Deep Learning Models for Molecular Understanding

The UoL team primarily used the Ampere-based GPUs within their NVIDIA DGX systems to train four main deep learning models, which together contribute in the increase in understanding of the molecular space.

With a Graph Convolutional Neural Network (GCN) trained using the policies of reinforcement learning, the team were able to develop, predict or generate molecules with desirable properties. The environment could lend, score or reward by evaluating each molecule predicted by GCN, with the highest rewards corresponding to the molecules with the most desirable properties. This meant the GCN was subsequently able to learn to predict molecules with the highest rewards attached.

The team at UoL created a Variational Autoencoder Network (VAE) as a novel approach to estimate the essential similarity between molecules. The bow-tie shaped network is able to generate the latent representation of every molecule, passed through a simplified molecular-input line-entry system (SMILES). The VAE model was trained to then maximise the similarity between the molecules that were actually similar.

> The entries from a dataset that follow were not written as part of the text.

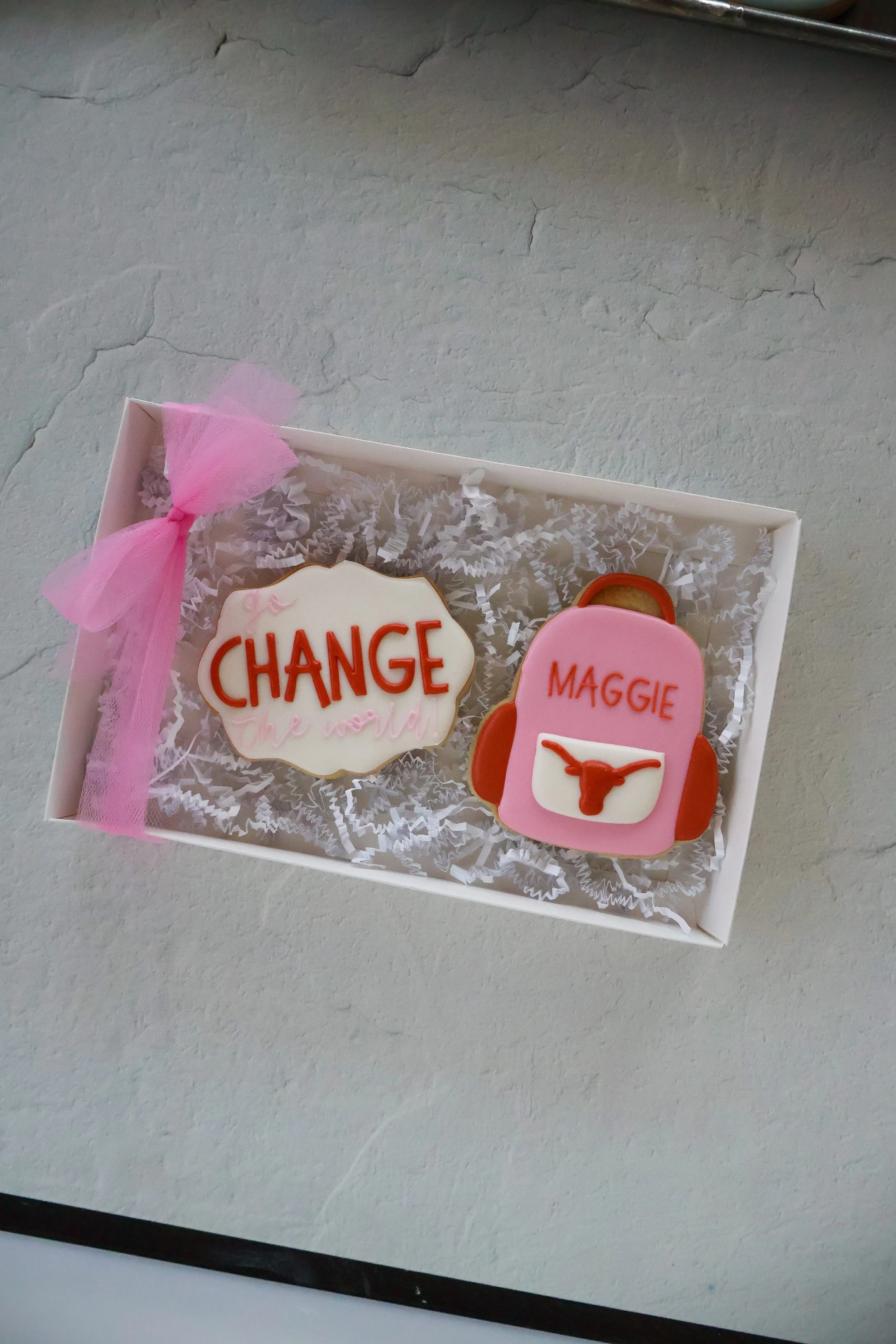 Decorated sugar cookies in a white box with crinkled white paper filling. One cookie has a white icing with the words 'CHANGE' and pink accents, and another cookie is shaped like a pink backpack with the name 'Maggie' and a longhorn symbol.
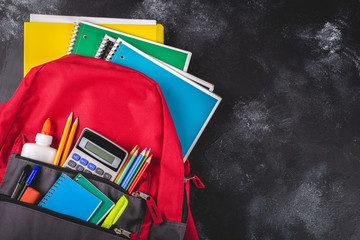 Backpack With School Supplies on a Blackboard Background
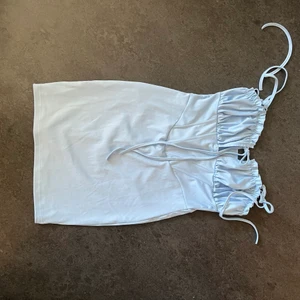 Ljusblå korsettklänning M - Strl M/38 Oanvänd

Next, the UoL team developed a novel architecture combining elements of transformers, auto-encoders and contrastive learning. The hybrid of transformers and auto-encoders were designed to predict the embedding of molecules, and contrastive learning was trained to have similar embedding for the molecules that were very similar. This resulted in a large, multi-dimensional latent space where similar molecules were clustered together and dissimilar molecules were far apart.

In this project, the team of researchers trained a large transformer-based deep neural network with around 6 million chemical structures to predict a SMILES representation of the molecules from their protonated mass spectra. MassGenie can learn the effective properties of the mass spectral fragment and valency space, and can generate candidate molecular structures that are very close or identical to those of the ‘true’ molecules.

Next Steps: Further Increasing the Chemical Space

The transformers trained for MassGenie used just a simple variety, which suffer from the well-known problem of a quadratic dependence on string length. To get round this issue, many newer versions have been proposed in terms of both algorithms and architectures. Changing the system build means the training set and transformer can be substantially increased, which increases the chemical space covered. UoL’s original work only covered mass spectra created using positive ionisation. For their next phase of research, the team will extend the approach to negative electrospray mass spectra.

The Scan Partnership

NVIDIA is a key partner of the University of Liverpool, and Scan was asked to act as a trusted advisor to help design, install and configure a DGX A100 infrastructure to aid the acceleration and scale of the research. The DGX A100 server was accompanied by NVIDIA Networking switches and connected to an AI-optimised PNY 3S-2450 storage appliance. NVIDIA and Scan were also on hand throughout the research to ensure maximum performance of the CUDA software and server and storage hardware.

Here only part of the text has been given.